Data has always been central to the research. Since research data is a valuable asset, data management has been high on the agenda of governments, funders, and publishers in the context of Open Science. Good practices for managing research data have been developed to make data Findable, Accessible, Interoperable, and Reusable (FAIR).

Contemporary progress allows researchers to produce more data than ever before, but also provides tools to manage the data. Research Data Management (RDM) includes planning, collecting, processing, storing, accessing, and reusing data. RDM is simply about proper data management practices before, during, and after research.

Research data is the evidence that supports research. The examples of data include (but are not limited to) the following: Documents, spreadsheets, questionnaires, transcripts, codebooks, models, algorithms, scripts, software application, photographs, films, audio/videotapes, video, audio, text, or image contents, protocols, diaries, field notebooks, eLANs, specimens, samples, artifacts, etc.

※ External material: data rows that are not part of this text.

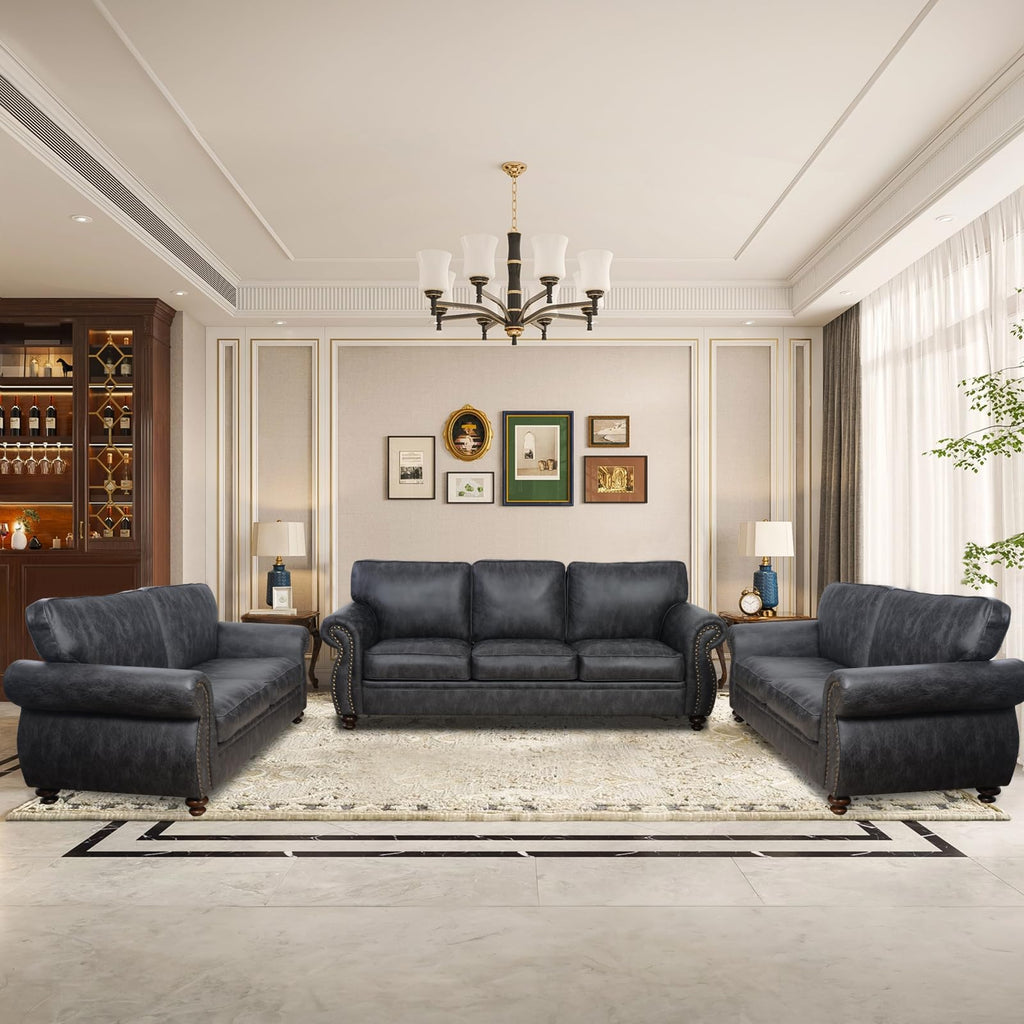 Mid-Century Vintage Sofa Couches with Rivet Design,loveseat Sofa,Removable Sofa Cover Upholstered Cushions and Solid Wood Frame (Grey, 3-Seater)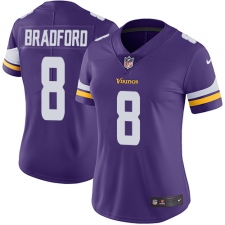 Women's Nike Minnesota Vikings #8 Sam Bradford Purple Team Color Vapor Untouchable Limited Player NFL Jersey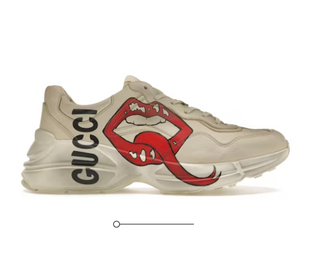 Gucci Rhyton Leather Sneaker Maxi Mouth Distressed Sneaker Cream Men's EU 38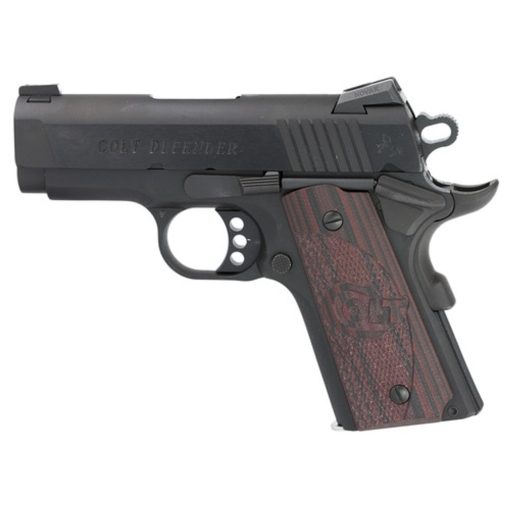 Buy Colt Defender, Compact 1911, 9MM, 3" Barrel, Alloy Frame, Blue Finish, G10 Grips, 8Rd Mag, Novak Night Sights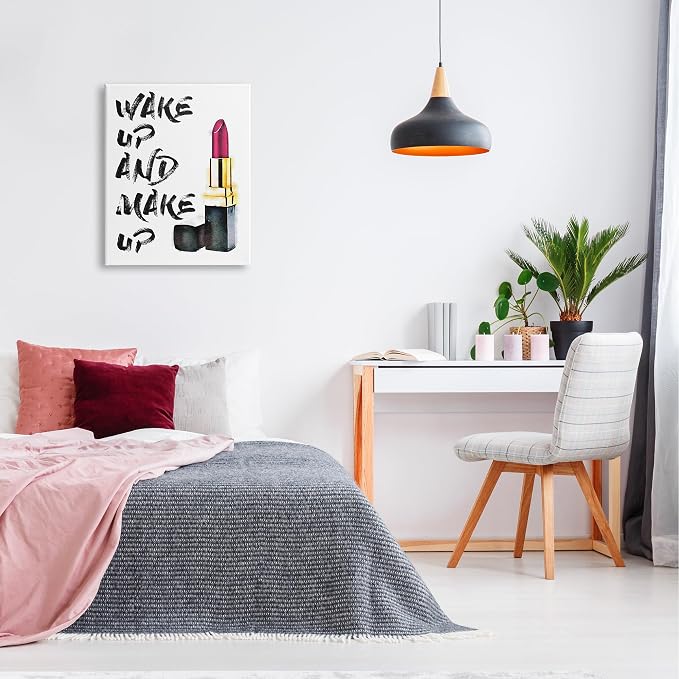 Wake Up and Make Up Typography, 24 x 30 Inch Canvas Wall Art | Stupell Industries · By Amanda Greenwood · Ready to hang · Great for bedroom or office · Made in USA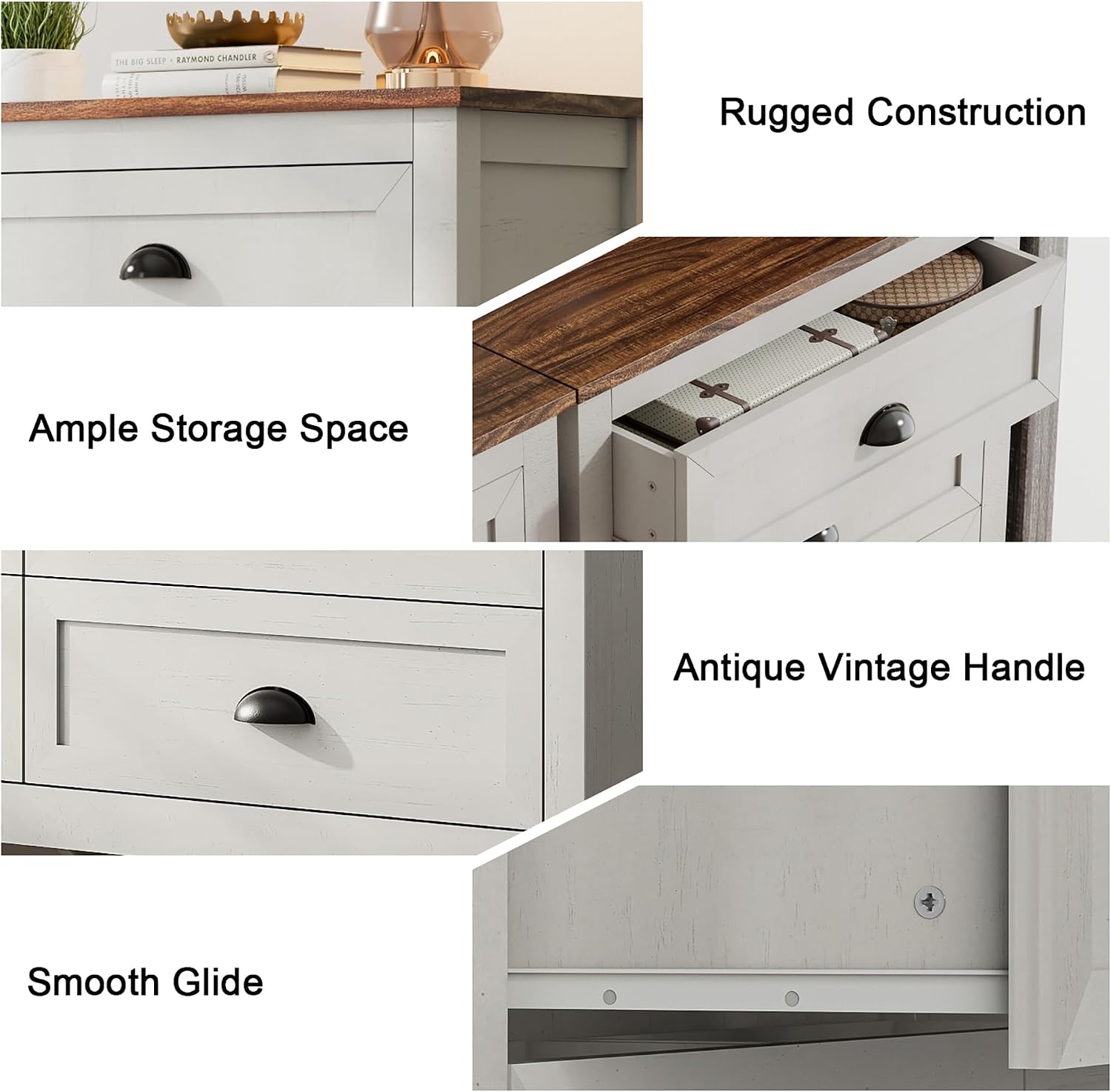 Wananlanen® Farmhouse Dresser for Bedroom, Antique Double Dresser & Chest of Drawer with Vintage Handle and Storage, Wooden Tall Rustic Organizer for Bedroom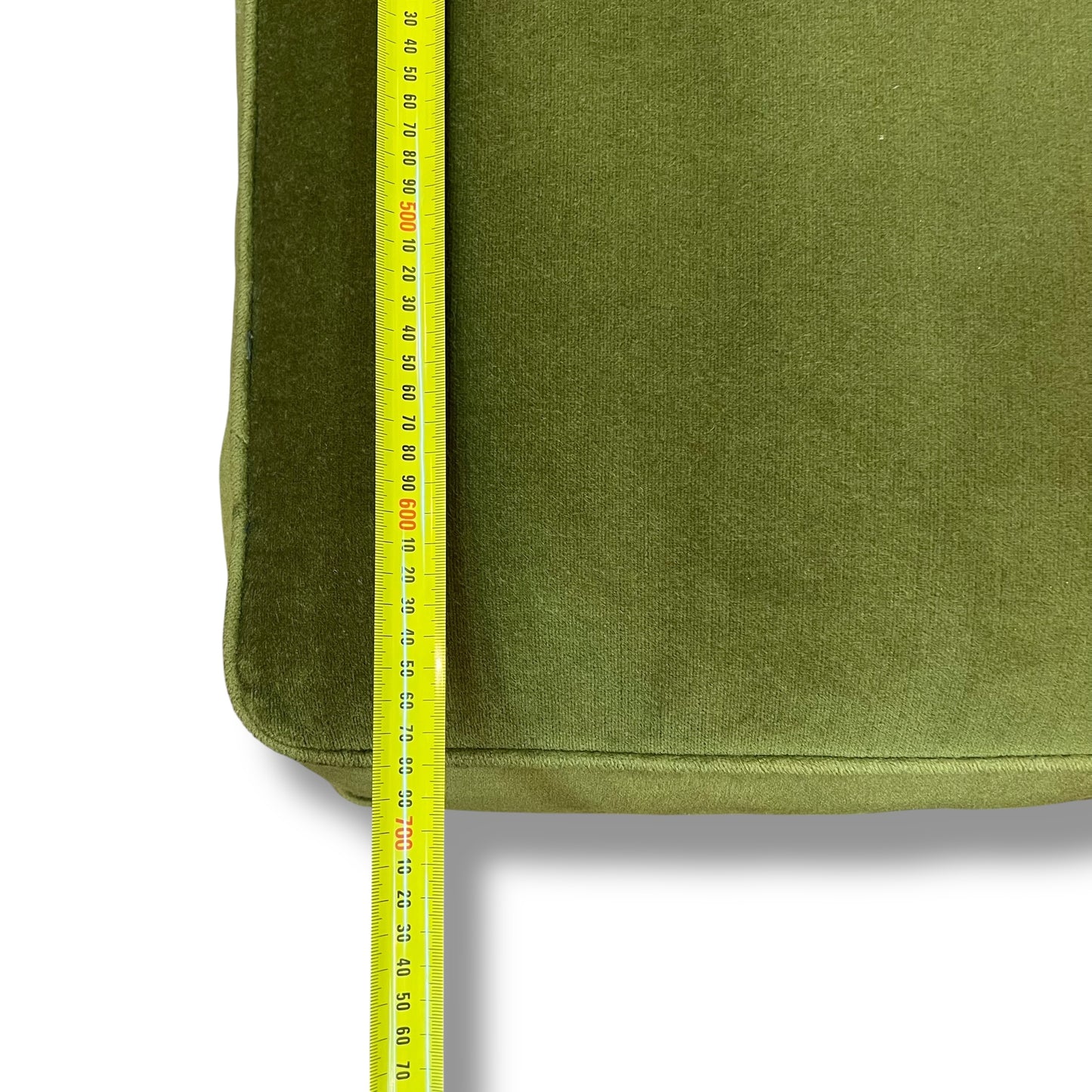 Ottoman — Green Velvet Upholstery, Feather Cushion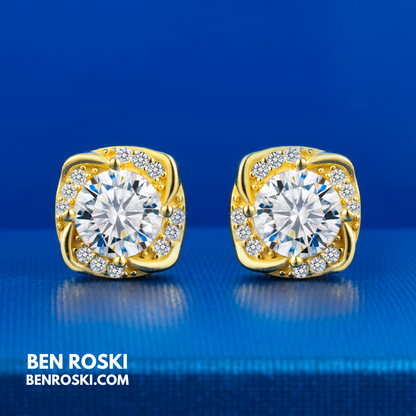 Moissanite Halo Stud Earrings Sterling Silver or Gold/Rose Gold Plated | VVS Moissanite | GRA Certified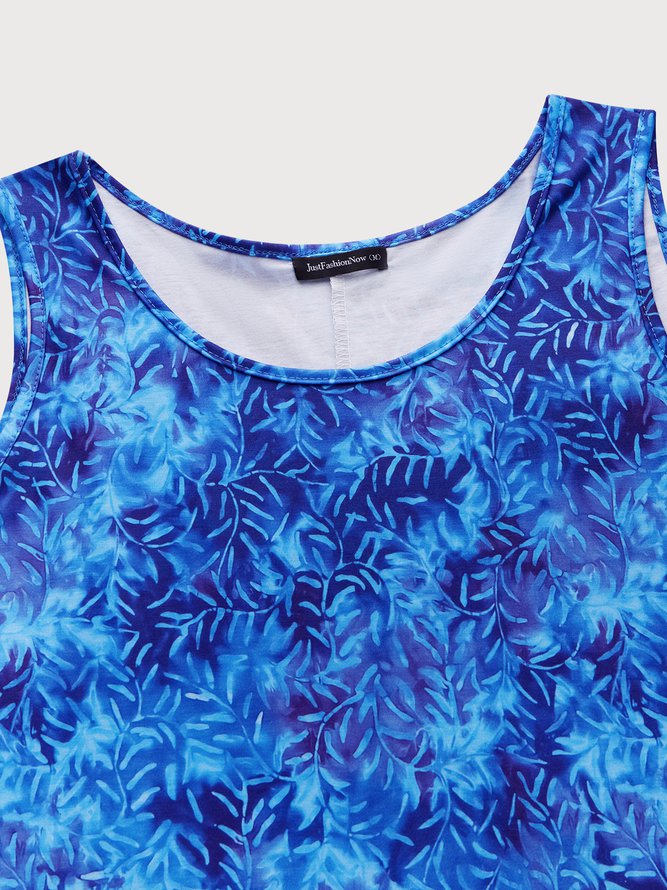 Round Neck Pockets Leaves Casual Mini Dress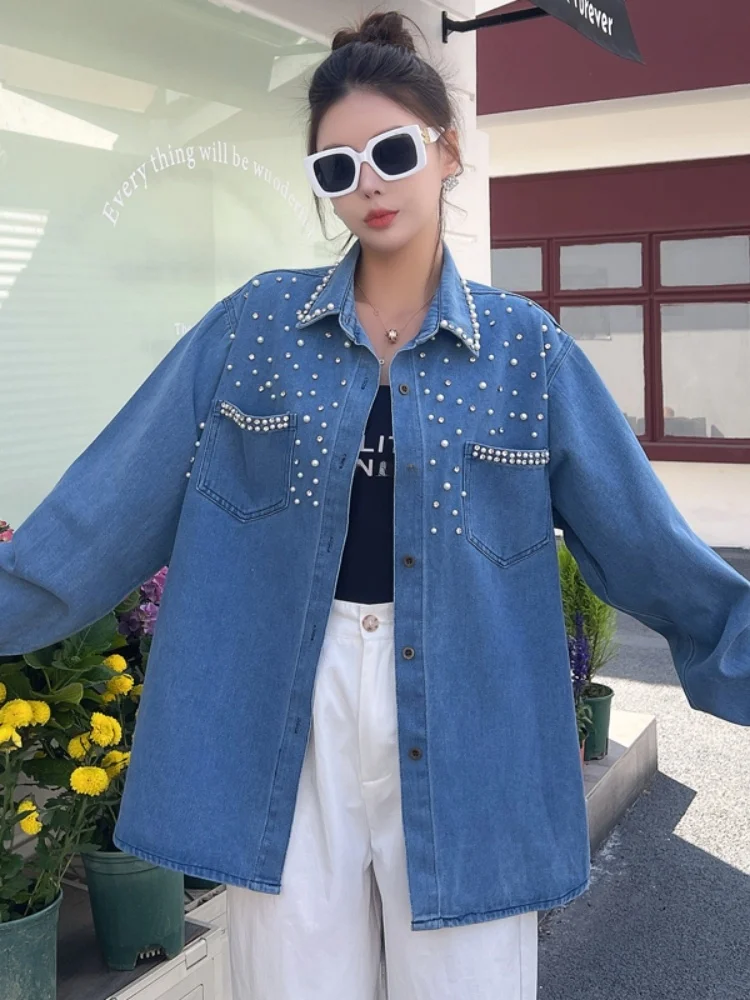 Damska, codzienna, długa kurtka dżinsowa z perłami i dżetami, na wiosnę i jesień, nowa, warstwowa, luźna odzież wierzchnia w stylu koreańskim.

Research data can be generated or reused using different processes, hence their source may be: Observations (survey data), experiments (gene sequences, social experiments), simulations (economic models), compilations (database, text mining), referencing (datasets, databanks, papers), etc.

Research data comes in many forms: Text (RTF, PDF, XML), numerical (Excel, SPSS, Stata), multimedia (jpeg, mpg), software (C, Java), etc.

Thinking about research data begins before the research has started - at the moment you decide what data will be generated and/or what data (if any) will be reused. That is when RDM starts as well.

You should care! Data management practices lead to better quality and integrity of research, a greater impact of research, and greater visibility and reuse of research data all of which is the essence of Open Science. RDM is also an essential part of good research practice which is beneficial for researchers, their research institute, and the wider research community as it:

  • Prevents data loss and data corruption;
  • Makes the research process run smoother;
  • Enables to know which versions are most up-to-date;
  • Ensures finding and (re)using data again later;
  • Facilitates the sharing and reuse of data for future researchers, to develop new research;
  • Allows knowing which services are needed for research (e.g. ethical and/or legal advice);
  • Prevents fraud or bad science.